Overview: You are tasked with designing a small ETL pipeline and building some SQL queries that will help an organization like Samaritan improve its data operations. The data you're working with relates to a fictional system used to track Members, their goals, and the rewards they receive for achieving those goals.
—--------------------------------
You have three CSV files that represent different tables in the database:
A) members.csv: Information about the Members (e.g., people experiencing homelessness).
member_id, name, email, joined_at, city
1, John Doe, [email protected], 2023-01-15, Seattle
2, Jane Smith, [email protected], 2023-02-20, New York
3, Carlos Lee, [email protected], 2023-03-10, Los Angeles
B) goals.csv: Information about the goals that Members are working towards.
goal_id, member_id, goal_type, target_date, status
101, 1, housing, 2023-06-01, Completed
102, 2, employment, 2023-05-15, In Progress
103, 3, healthcare, 2023-04-20, Completed
C) rewards.csv: Information about rewards issued to Members for completing goals.
reward_id, goal_id, reward_type, amount, date_issued
201, 101, Voucher, 50.00, 2023-06-05
202, 103, Voucher, 30.00, 2023-04-25
- Schema Design: Based on the CSVs above, create a data model that will support storing and querying this information in a relational database (e.g., PostgreSQL).
- Include Tables: Members, Goals, Rewards
- Describe the relationships between the tables.
- Indicate any indexes or optimizations you would apply for performance (e.g., for frequent queries related to Member progress or rewards issuance).
- ETL Pipeline: Design an ETL pipeline to load these CSV files into your database.
- Assume that the data will be available as CSV files in an AWS S3 bucket (you can simulate this process by imagining the CSVs as input files).
- Write a Python script that would:
- Download these files from S3 (assume the CSVs are stored in the samaritan-data bucket).
- Process the CSVs and load the data into your PostgreSQL database.
- Apply basic data validation (e.g., no missing member IDs, valid email format, target date in the future).
- Bonus: If you have AWS experience, suggest how you might scale this pipeline for larger datasets, and consider error handling or retry logic.

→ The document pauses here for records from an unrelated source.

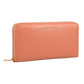 Jo Borkett Purse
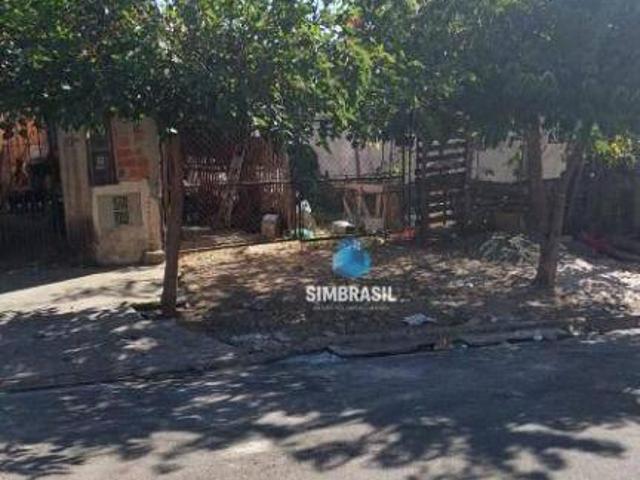 Terreno venda em Região Imediata de Campinas, Região Metropolitana de Campinas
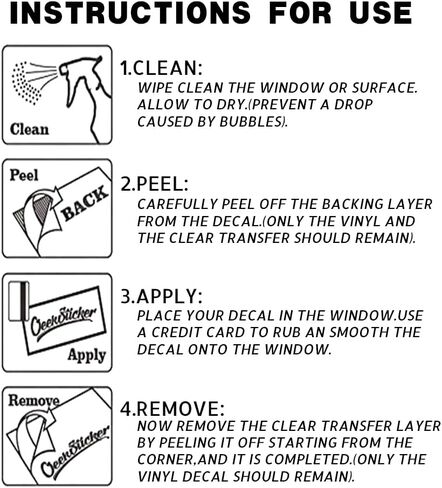 5.1 بوصة أنيمي ملصقات السيارات جميل كومي Peeker الوفير جذع نافذة الأمتعة المحمول دراجة نارية مقاومة للخدش الشارات in Kuwait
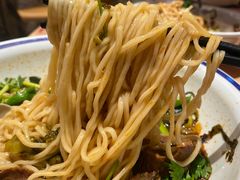 -遇见小面(东方宝泰店)
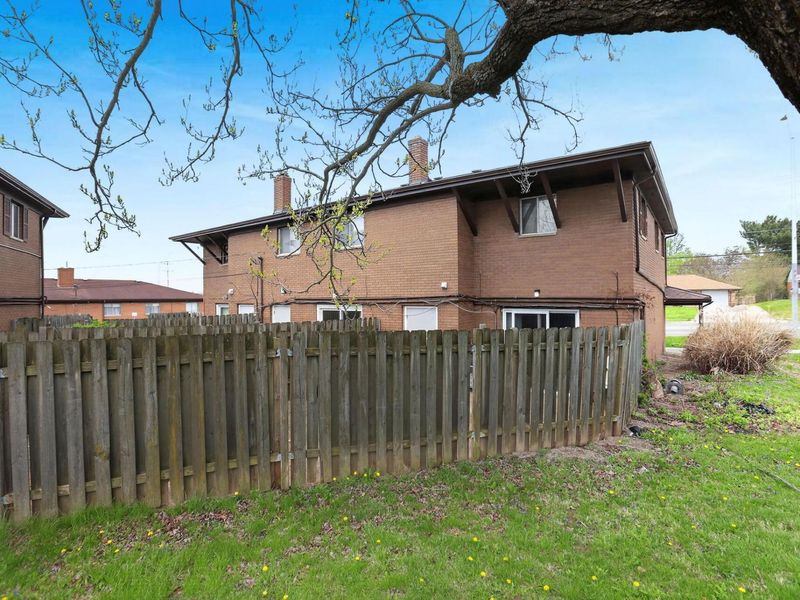 6613-6617 E Livingston Avenue, Reynoldsburg, OH 43068 Photo 42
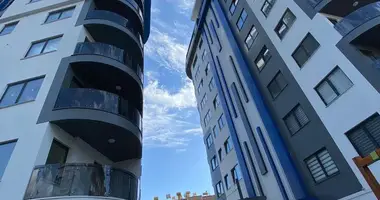 4 bedroom apartment in Çıplaklı, Turkey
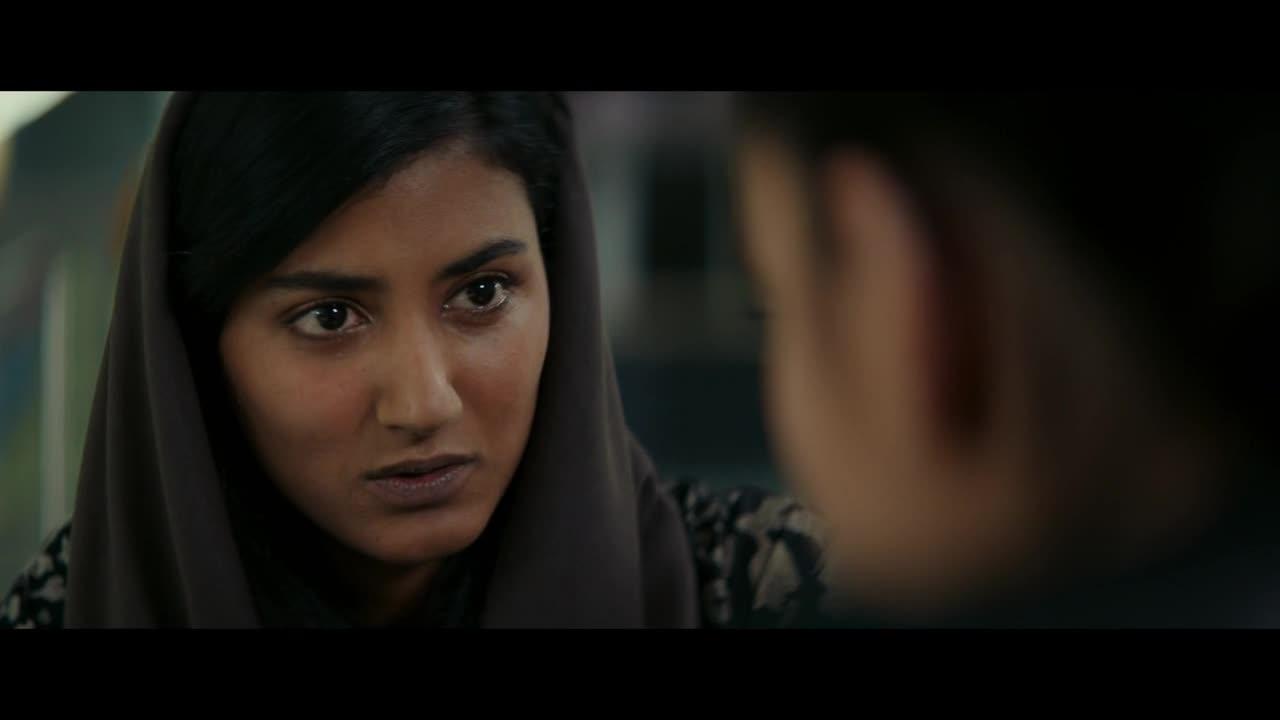 Lina El Arabi Films Et Programmes Tv Noces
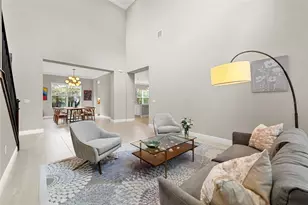 31321 Chesapeake Bay Dr, Wesley Chapel, FL 33543 - Photo 10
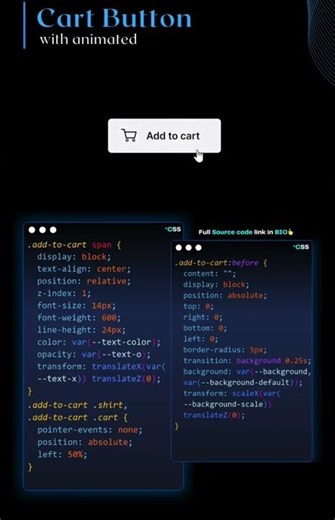 #débutant #coding #python #programmation #programming #javascript #html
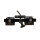 RescueLED 100 - 12V/24V light mast attachment - pre-assembled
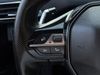 Peugeot 5008 GT LINE BLUE HDI 130 CV EAT8  - Foto 2
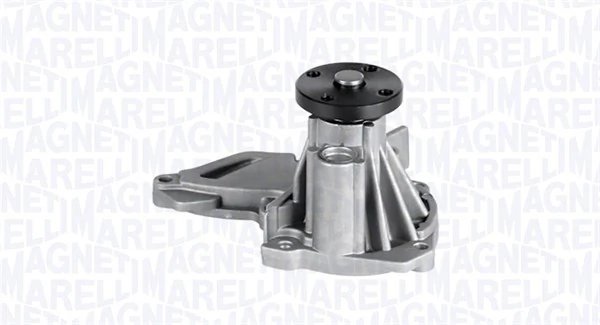 Pompa de apa Magneti Marelli 352316170170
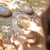 G6773 Jumbo Sensory River Stones Lifestyle 36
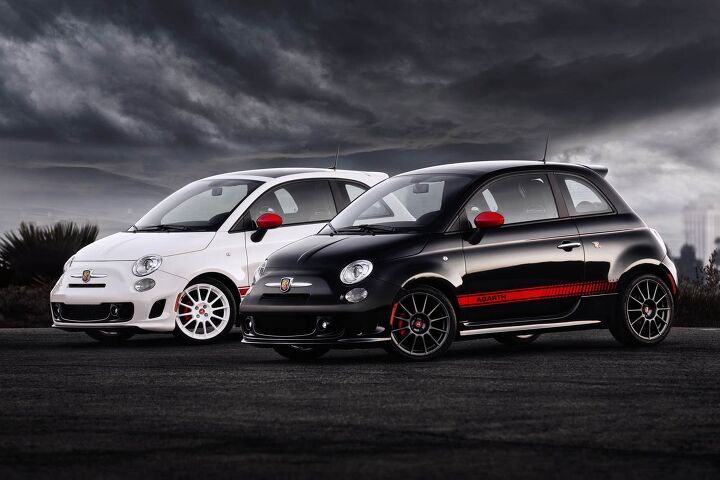 can the scorpion s sting save fiat s flopping 500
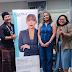 KARENA KITA BERHAK BAHAGIA, KEB Intimate Bersama Kartika Soeminar, ulas tuntas tentang NPD ?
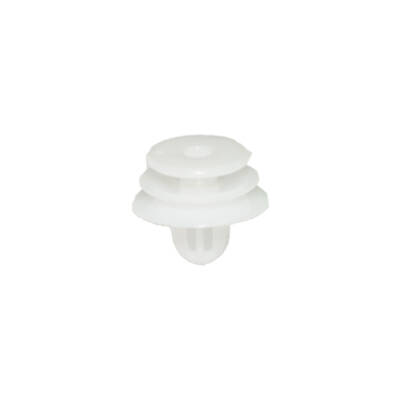 Klips Kapı Panel 84915-0W010 Nissan - 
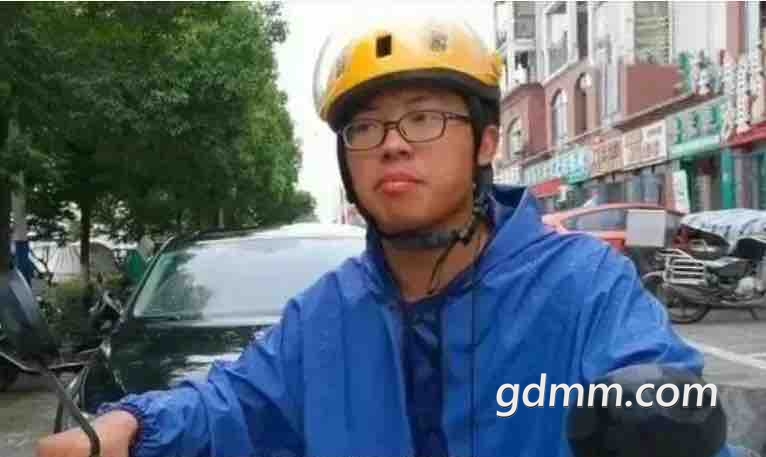 front1_0_FqqQm9mwfL85nIZTLpXbGMnzt-ae.1625798642.jpg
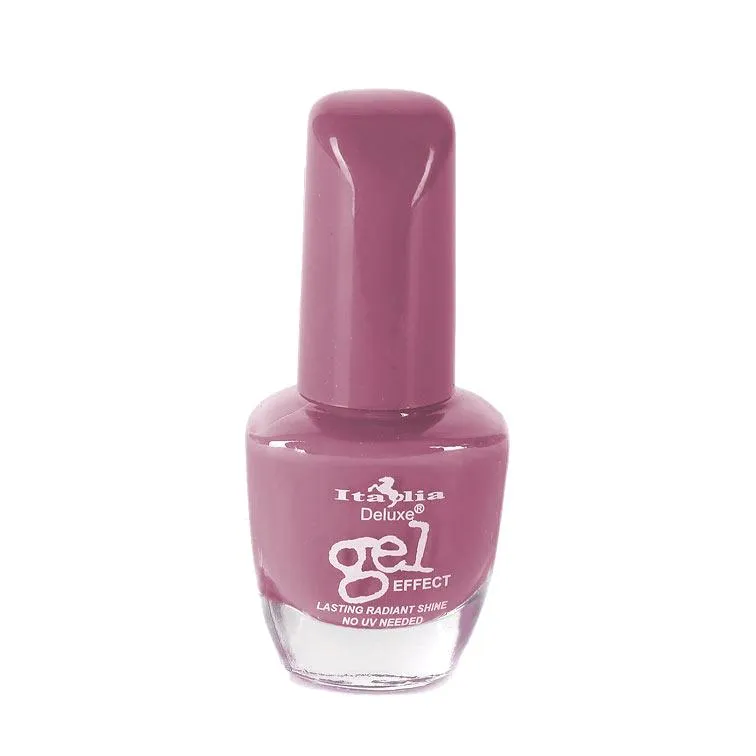 ITALIA Gel Effect Esmaltes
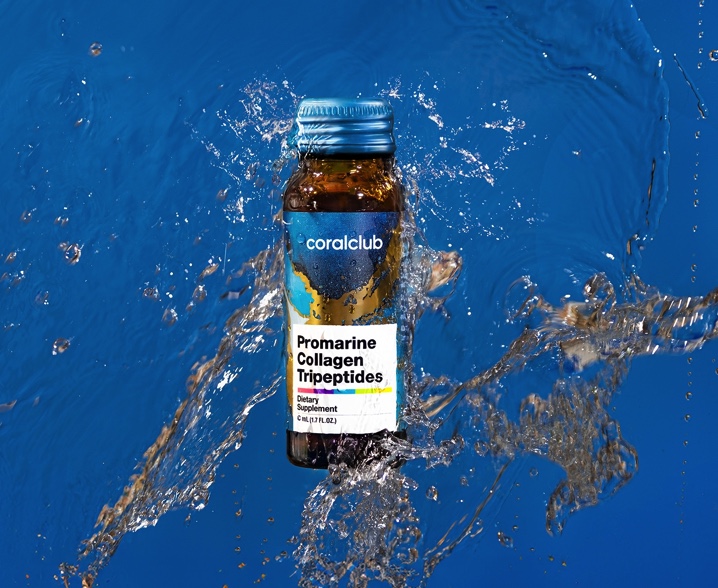 Attēls 28 03 2025 plkst. 05.00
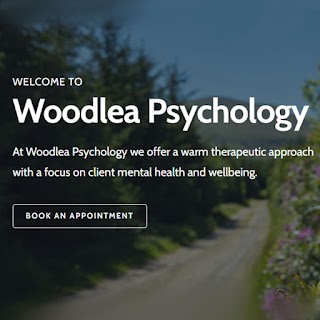 Woodlea Psychology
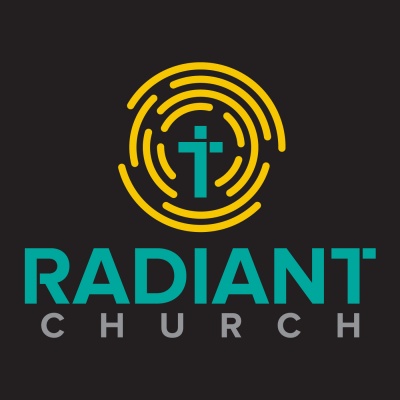 Radiant Church Charleston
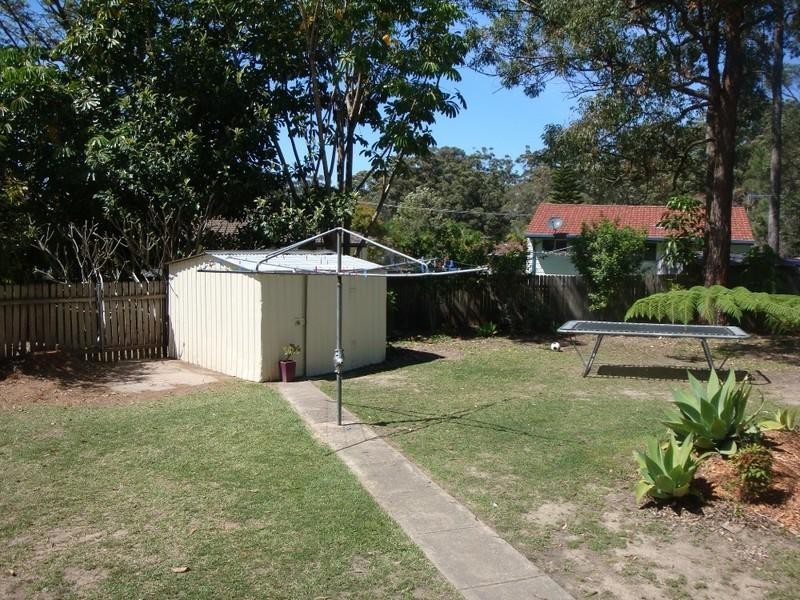 8 Courtney Close, Toormina NSW 2452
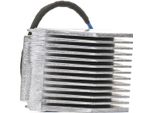 Mahle Abr 37 000P - Oe 6Q1 907 521 Regolatore, Soffiatore Interno Per A1 (8X), A2 (8Z), Cordoba (6L), Ibiza (6L), Ibiza (6J, 6P), Fabia Ii (54), Rapid (Nh), Roomster (5J), Polo (6C, 6R), Polo (9N)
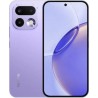 Realme 16 Pro 8+512GB 6.78"5G Purple ITA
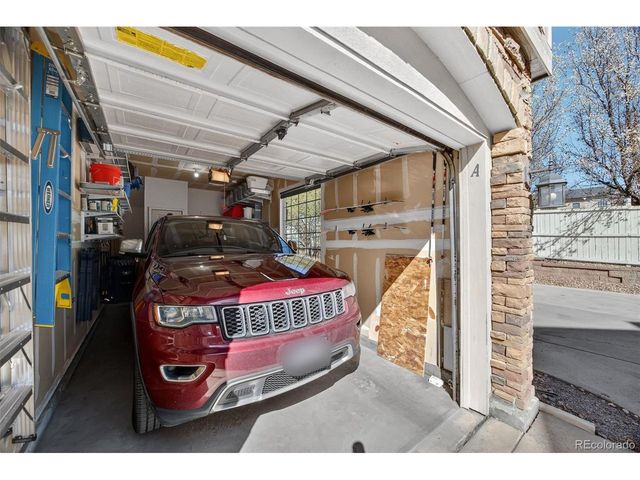 160 Granby Way A, Aurora, CO 80011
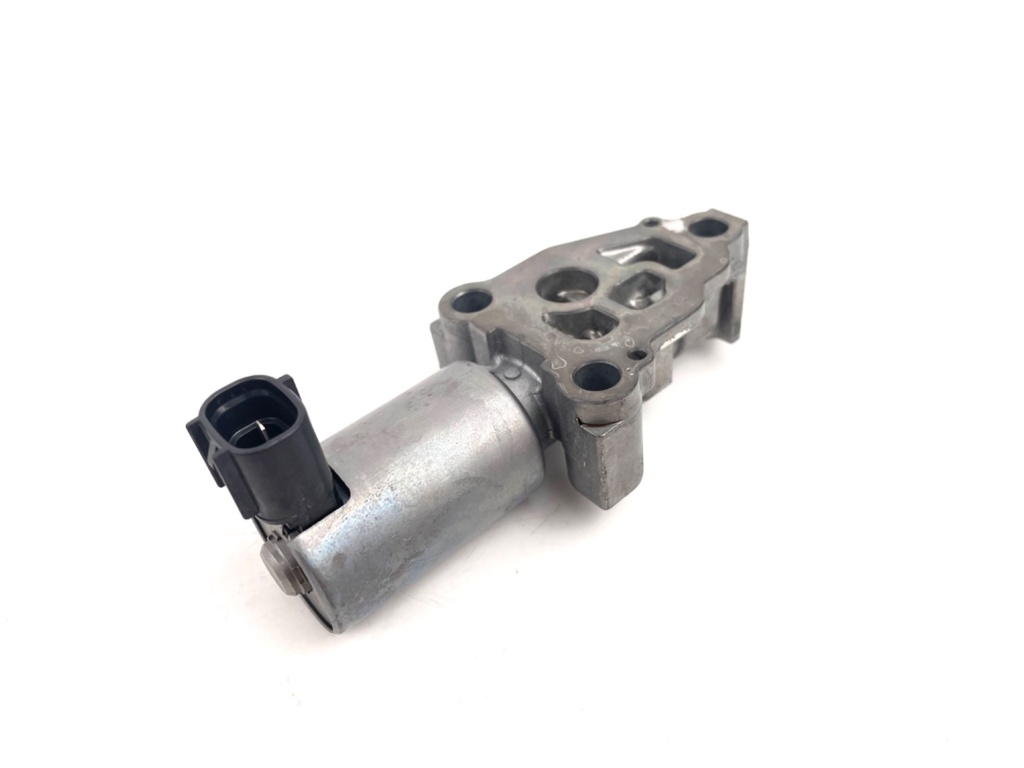 2017 Yamaha 200 HP 4 Stroke Outboard Solenoid Valve 6CB-86120-00-00 OEM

Now that your data is in the database, write the following SQL queries:
- Query 1: Find the number of Members by city who have completed at least one goal.
- Output:
city, number_of_members
- Output:
- Query 2: For each Member, calculate the total reward amount they’ve received for completed goals.
- Output:
member_id, name, total_rewards
- Only include rewards for goals marked as Completed.
- Output:
- Query 3: Write a query that returns all Members who have not yet completed their Healthcare goal.
- Output:
member_id, name, goal_status
- Output:
- Query 4: Identify the top 3 goals (by
goal_type
) that have the highest total reward amount issued, and show the total reward for each goal.- Output:
goal_type, total_rewards
- Output:
- Bonus Query: Optimize the following query that frequently runs on your database, which has performance issues. Given that
rewards
has many records and the goal is to join withgoals
andmembers
, rewrite this query to improve its performance. Consider indexing, query optimization, or restructuring the query for faster execution.
SELECT m.name, g.goal_type, r.amount
FROM members m
JOIN goals g ON m.member_id = g.member_id
JOIN rewards r ON g.goal_id = r.goal_id
WHERE g.status = 'Completed' AND r.date_issued > '2023-01-01'
ORDER BY r.amount DESC;
Submission Guidelines: Please submit the following:
- A SQL file that contains the queries you’ve written.
- A Python script (or pseudocode if you prefer) that implements the ETL pipeline (including CSV parsing, database connection, and data insertion). If you use any external libraries (e.g., psycopg2 for PostgreSQL), please include the installation instructions.
- A brief data model diagram (e.g., ERD) showing the structure of the database and relationships between the tables.
- Any assumptions you made while designing the system or solving the queries.